The company operates 1,975 stores and had more than $43 billion in 2018 sales, but Kantar Consulting expects the negatives will outweigh the positives in the near term.

Kantar forecasts a sales compound annual growth rate of 2% for Ahold Delhaize for 2018-2023.

“Ahold Delhaize is a similar story (to Albertsons) in the sense that they’ve just been really slow to innovate,” said Elley Symmes, senior analyst for Kantar. “They have one advantage, which is Peapod, which I believe to be the most underpromoted asset of that retailer to date. They could do a lot more to drive Peapod’s brand equity and just kind of longevity in the industry, and I think also the new decentralization model that they’ve implemented could help their banners be more effective and relevant at a local level.”

However, Symmes noted that so far that model has not brought much lift to the business, especially Stop & Shop.

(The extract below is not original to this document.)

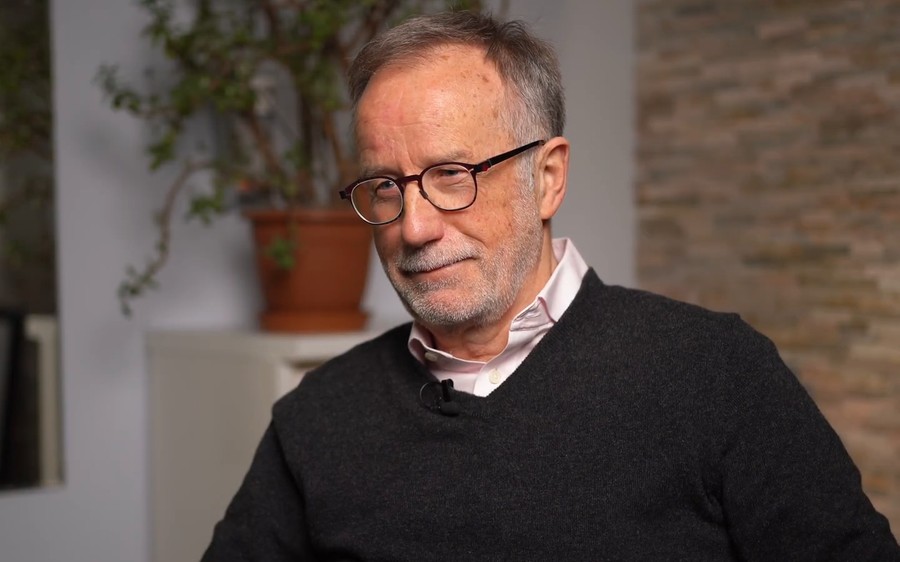 Inhaber von Wandtke Dental-Technik im Interview für den Unternehmensfilm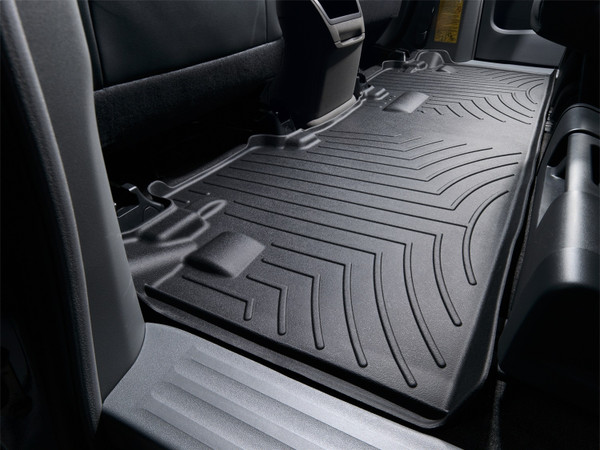 WeatherTech FloorLinerTM DigitalFit; Black; Rear 443002 - Weathertech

“That banner continues to struggle and grow flat, if not declining, quarter by quarter, and that’s 30% of Ahold Delhaize’s sales, so a really big question for Ahold Delhaize is how they’re going to improve the performance of that banner, and I think the store remodels that they’re doing could be one solution,” Symmes said. “That being said, they just started them, it’s over the next I think three to four years that they’re going to be rolling those out, so while I think that could bring some lift to the business, as most remodels do, it’s much more of a longer-term question of how are you are really truly creating an effective and relevant retailer and banner business going forward.”